Deglycosylated E-selectin* was co-crystallized with sLex-OTMSE or glycomimetic 1 in a sitting drop setup in the presence of 0.2 M CaCl2 using polyethylene glycol 8000 as precipitant. Plate-like crystals appeared within 1 day after seeding. The structures of E-selectin*/1 and E-selectin*/sLex were determined by molecular replacement and refined using BUSTER (Blanc et al., 2004). For details on data collection and refinement see Supplementary material (Supplementary Table S1).

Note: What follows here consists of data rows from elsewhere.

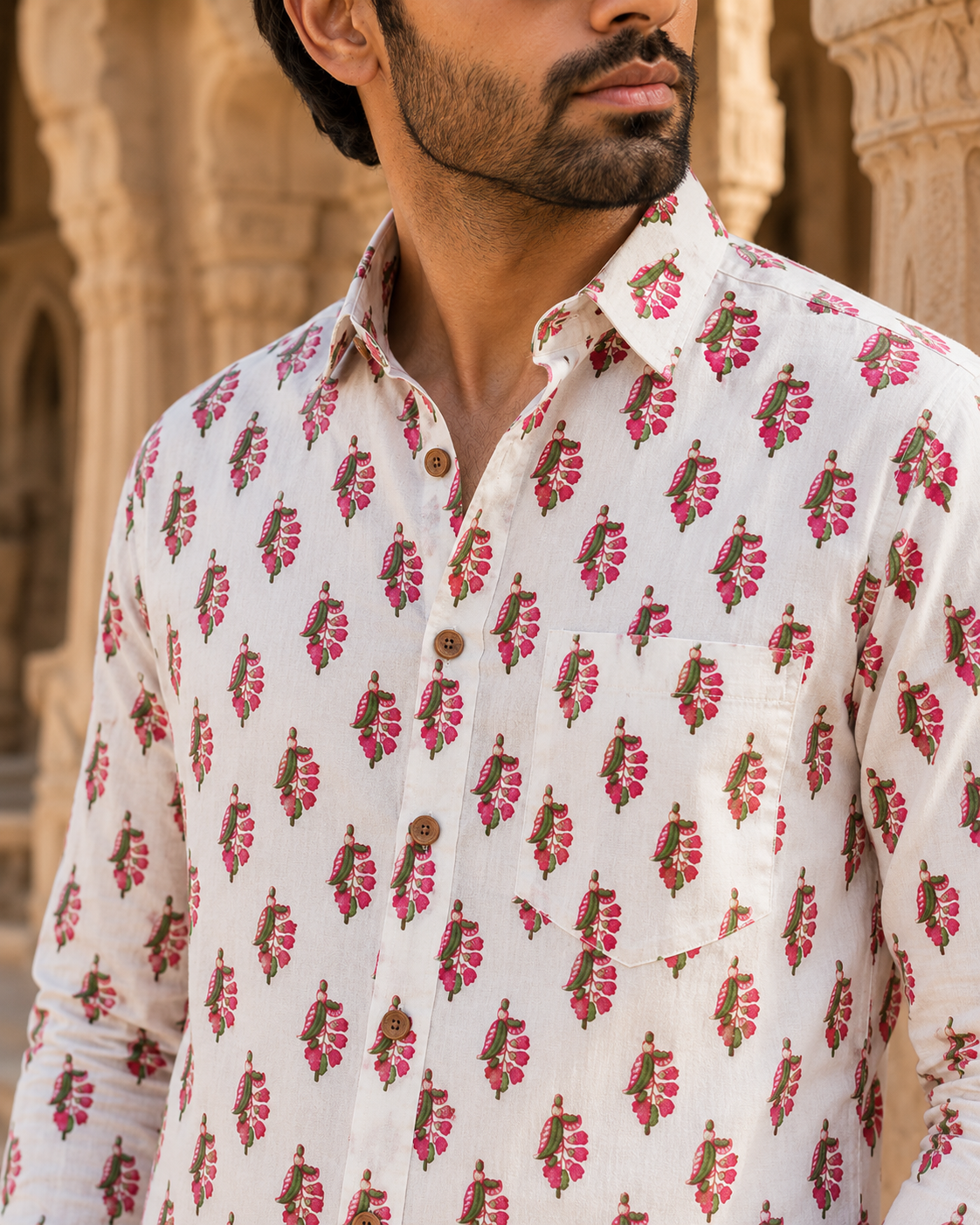 THEEMAR Royal Blossom Shirt | Pure Cotton Printed Full Sleeve Shirt for Men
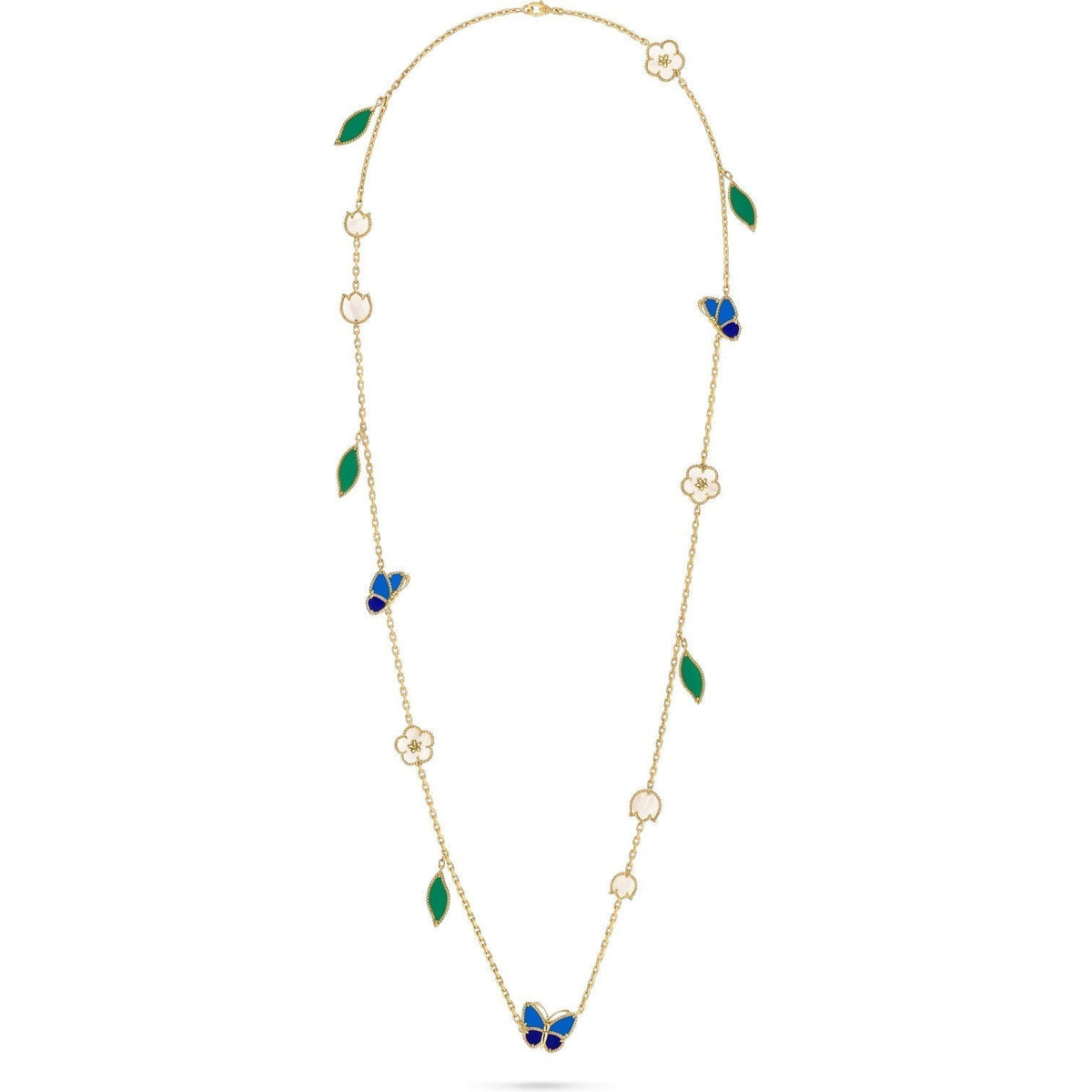 [LUXE JEWELRY] LUCKY SPRING BUTTERFLY 15 FLOWER NECKLACE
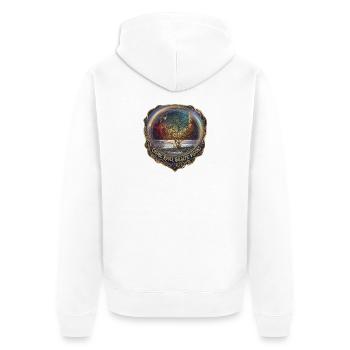 Cosmic Tree and Galactic Visions - Unisex Premium Organic Zip Hoodie - white - Back - Thijin (182cm)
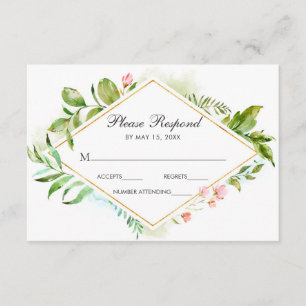 Watercolor Floral Wild Green Foliage Wedding RSVP Card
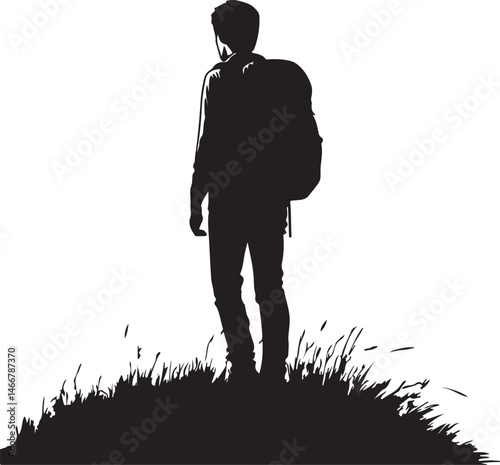 Silhouette of a Hiker with Backpack Standing on a Hilltop: Vector Illustration for Outdoor Adventure and Travel Concepts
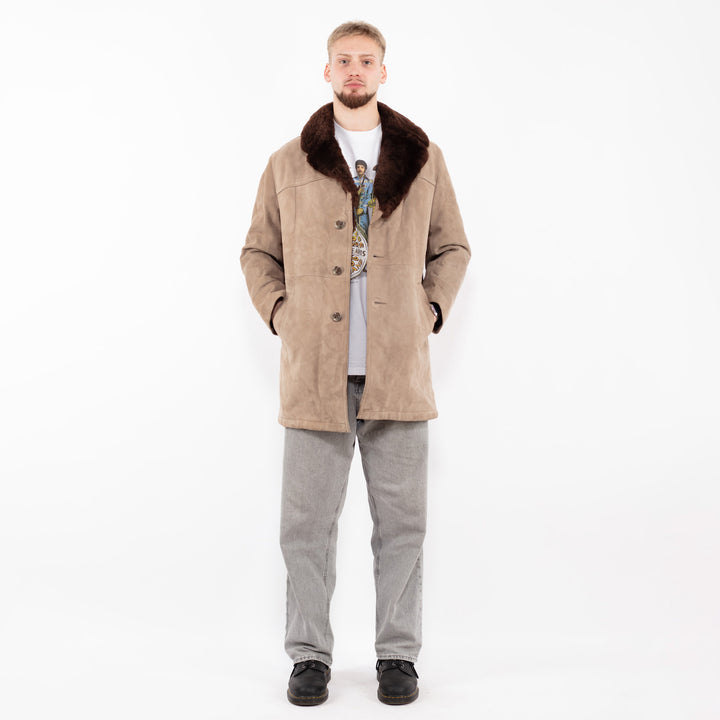 Vintage 70's Men Suede Sherpa Coat in Beige
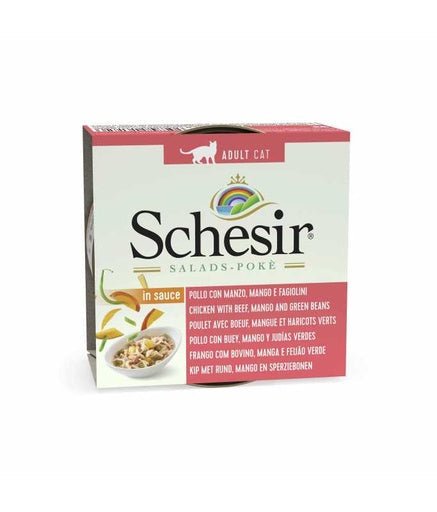 Schesir Salad Cat Wet Food Beef and Chicken with Mango and Green Beans - (Min Order 85g - 14pcs)[Weight - 85g] - Shopivet.com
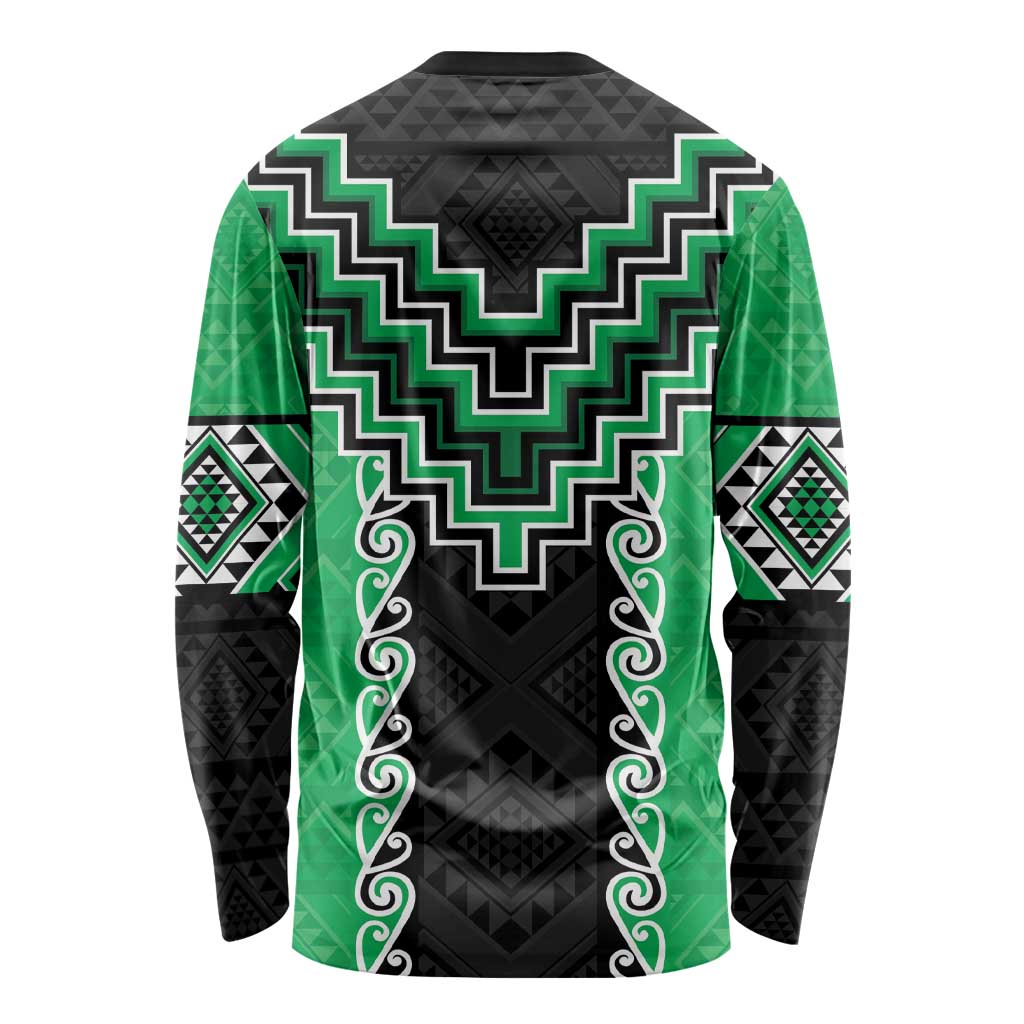 Green Niho Taniwha Mix Poutama Long Sleeve Shirt Unique Taniko Aotearoa LT01 - Polynesian Pride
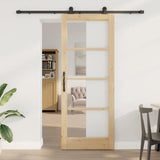 Porta scorrevole ORKDAL Naturale e Nero 83 x 211 cm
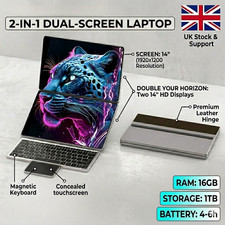 14" Dual Screen Laptop 16GB RAM 1TB SSD Windows 11 2-in-1 Touchscreen Notebook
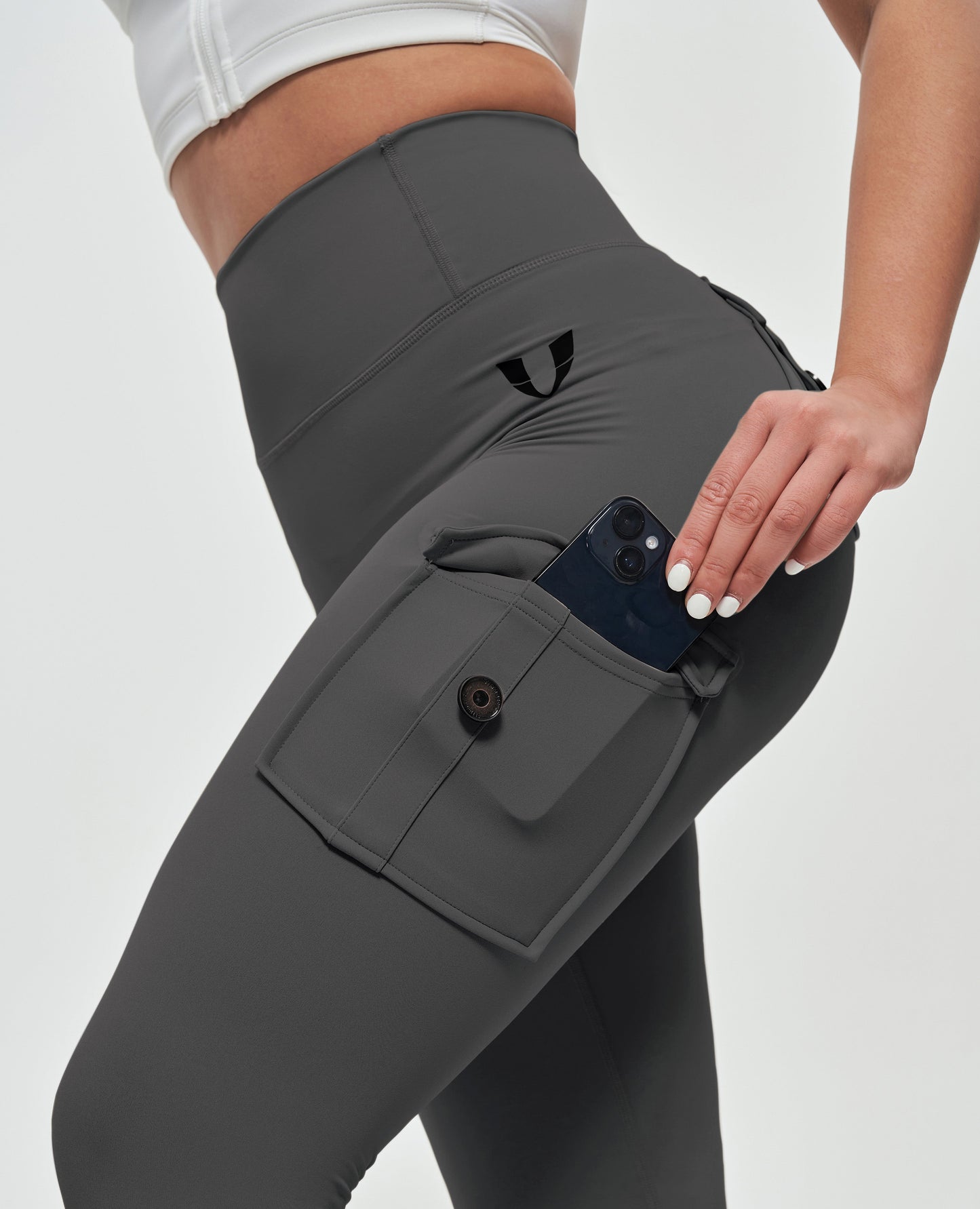 High Waisted Cargo Leggings - Grey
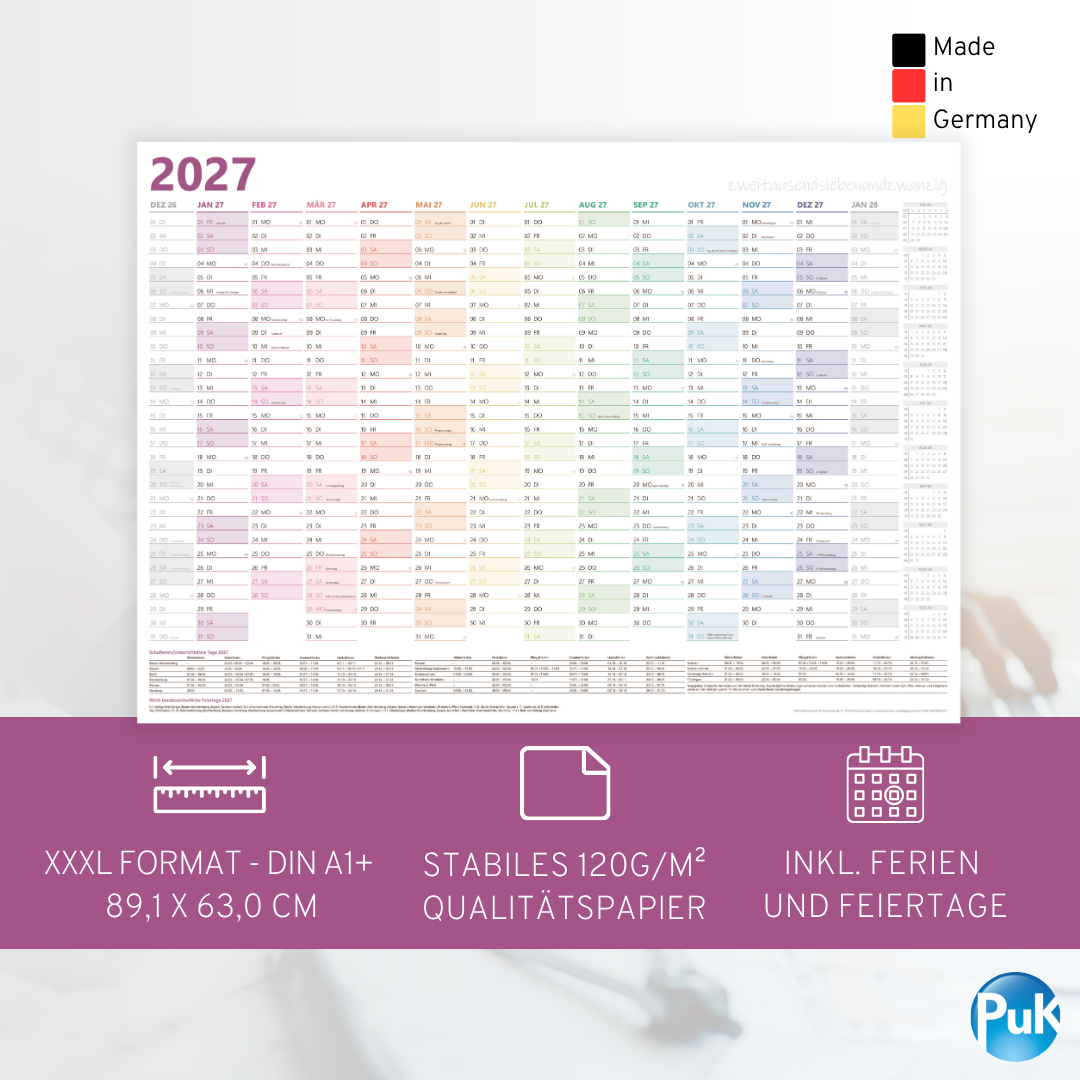 XXL Wandkalender 2027 Bunt - DIN A1+ - 14 Monate gerollt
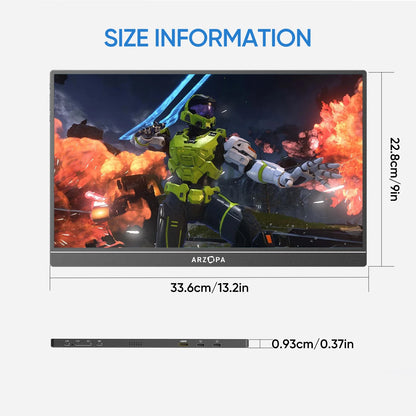 ARZOPA 16.1 inches Portable Gaming Monitor 144hz 100%sRGB 1080P FHD IPS Screen Second Screen for Switch,Xbox,PS5,Laptop,Mac,Z1FC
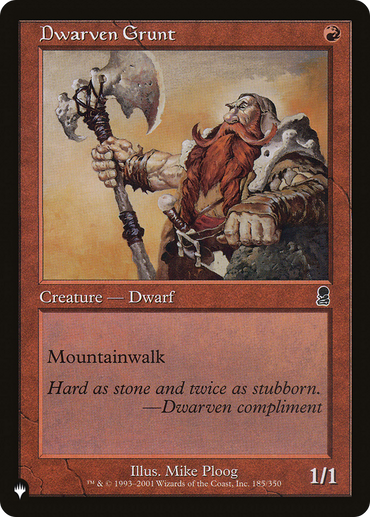 Dwarven Grunt [The List]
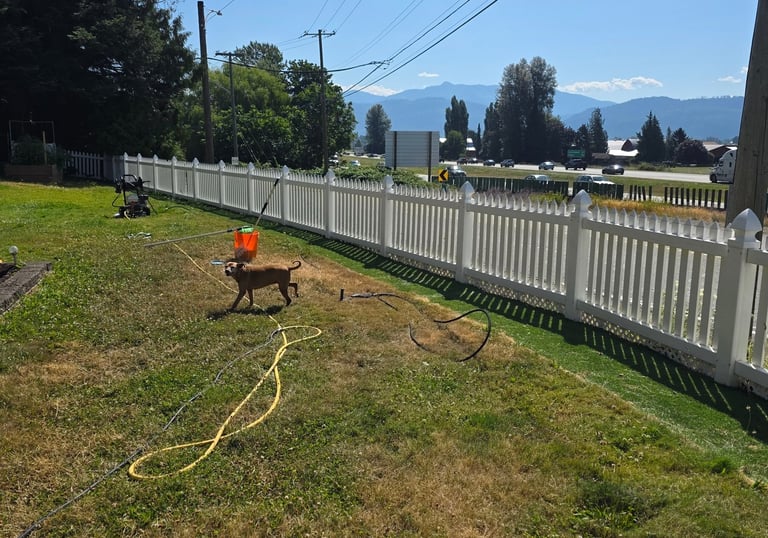 Pressure washing cleaning outdoor walkways and exterior surfaces
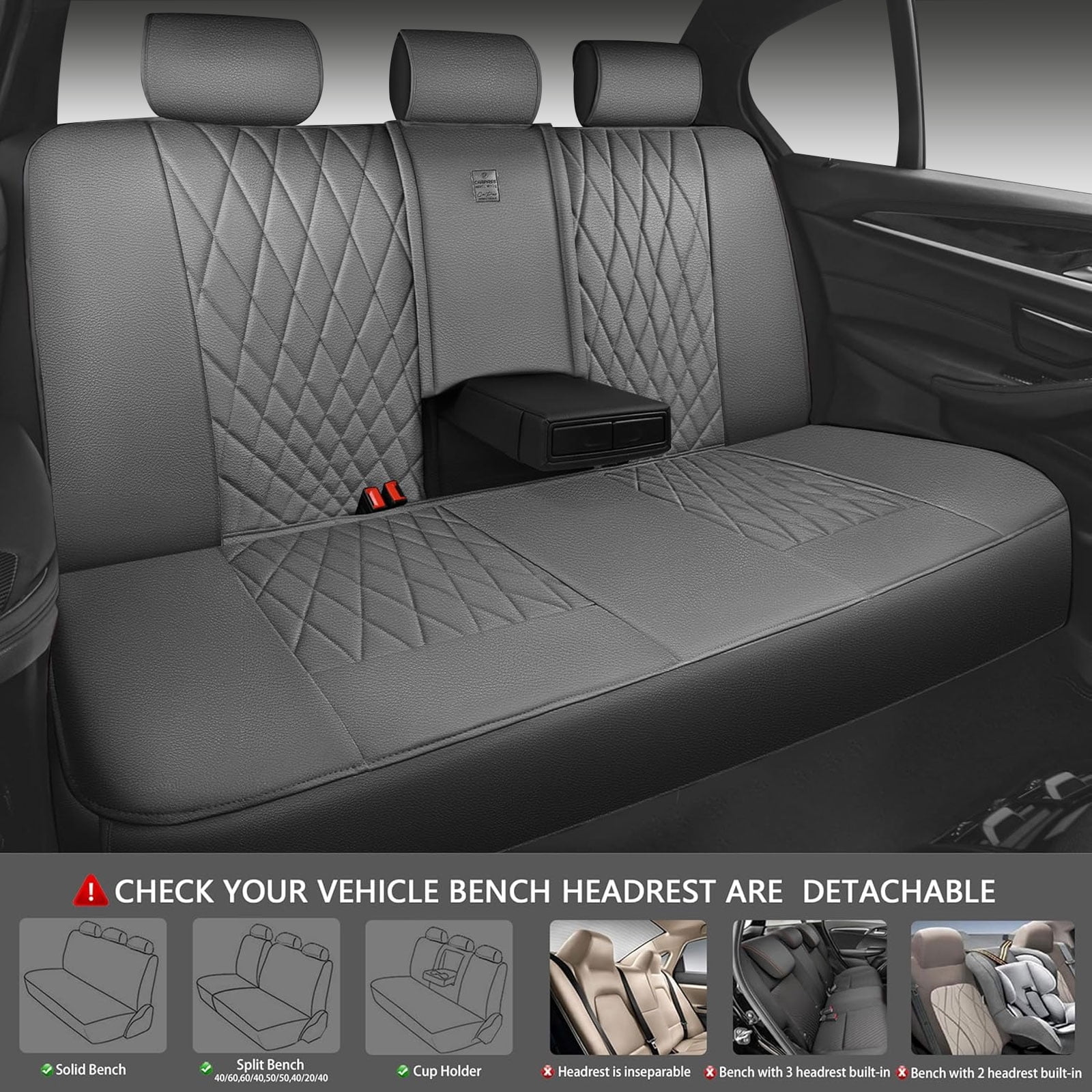 CAR GRAND Piping Luxury Faux PU leather Full Set Car Seat Covers Water Proof Armrest Airbag Compatible Universal Fit SUV VAN Truck All gray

Small-angle X-ray scattering

SAXS measurements were conducted at beamline x12sa-cSAXS of the Swiss Light Source using partially deglycosylated E-selectin* in presence or absence of 3 mM glycomimetic 1. Experimental data were processed with PRIMUS (Konarev et al., 2003) and theoretical scattering curves were evaluated with CRYSOL (Svergun et al., 1995). A model for the E-selectin* bent conformation was generated using the coordinates of the apo-form of the E-selectin Lec-EGF didomain (Graves et al., 1994) combined with the coordinates of the two SCR domains from E-selectin*/1. For details see Supplementary material (Supplementary Table S2).

Molecular dynamics simulations

Molecular dynamics simulations were carried out using the OPLS 2005 force field at a constant temperature of 300 K. Energetic and structural data were recorded in 4.8 ps intervals. From the collected frames, every tenth (1000 frames in total) was used to calculate the average ΔG applying the molecular mechanics generalized Born surface area (MM-GBSA) method. The details are described in Supplementary material (Supplementary Tables S3 and S4).

Supplementary material

Supplementary material is available at

Funding

This work was supported by the Swiss National Science Foundation (grant number 200020_129935 and R'EQUIP 145023).

Conflict of interest: none declared.